Today, ceramic items are widely available, whether it's a rustic bowl made of terracotta or a porcelain dinner service. The value of ceramic items depends on their origin, age, maker or brand, and quality. Ancient ceramics, for example, Greek pottery, Italian Renaissance majolica platters, English bone china plates, or imperial Chinese porcelain cups with blue and white decorations, can be worth thousands of pounds and sell for many more during the right auction.
While it’s thought that porcelain was first invented in China during the reign of the Tang dynasty (618–907), the new discoveries suggest that it was already produced in Japan several hundred years earlier. Porcelain is made of a special type of clay, so-called kaolin, which gives the porcelain a lustrous milky appearance and translucency when looked at under the light. Although fragile, kaolin clay is extremely strong, as its structure is much less porous than other clays after firing in the kiln.
For centuries, and especially in the West, Asian porcelain was thought to be such a luxurious product it was often referred to as “white gold”, and often it was much more expensive than the precious metal itself. For China and Japan, porcelain trade with the West was one of the most prosperous, and over the years, the Asian porcelain manufacturers were offering the porcelain products made especially for the Western market. The technology of producing porcelain was held top secret.

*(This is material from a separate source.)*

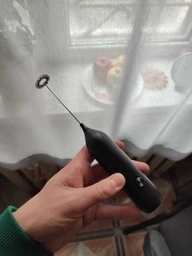 Аккумуляторный электрический вспениватель молока Капучинатор Lecot MF-07 Milk Frother фото от покупателей 7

Although already explained above, it’s a very common question, hence this clarification. Porcelain is a type of ceramic. There are different types of ceramic – porcelain being one of the big three along with earthenware, and stoneware. However, porcelain is the most sought-after method.
The easy answer is yes. However, as with all types of collectables, the vast majority aren’t worth a fortune, but the right porcelain in the right condition could be worth millions! The most valuable are the antique porcelain pieces from the 18th and 19th centuries, made for royal courts. However, it’s not only ancient porcelain that holds value. A complete tea or dinner service made by famous manufacturers like Meissen, Sèvres, or designers such as Marimekko are also sought by collectors and can hold high values during auctions.
Read more below to find out more about value. If you have porcelain that you’ve bought or perhaps inherited, Value My Stuff can help you to find out the value. With a quick 24 or 48-hour valuation, you’d receive a valuation certification. Follow these easy steps to learn more!
The market for collectable pottery is significant. European art nouveau artists rediscovered and experimented with ceramics during the early 20th century, creating very interesting nature-inspired vases and other dishes. Terracotta plates or sculptures designed by Pablo Picasso or Juan Miró are highly collectable. Single plates from early editions made by Picasso in collaboration with Madoura pottery studio can be had for as much as over £60,000.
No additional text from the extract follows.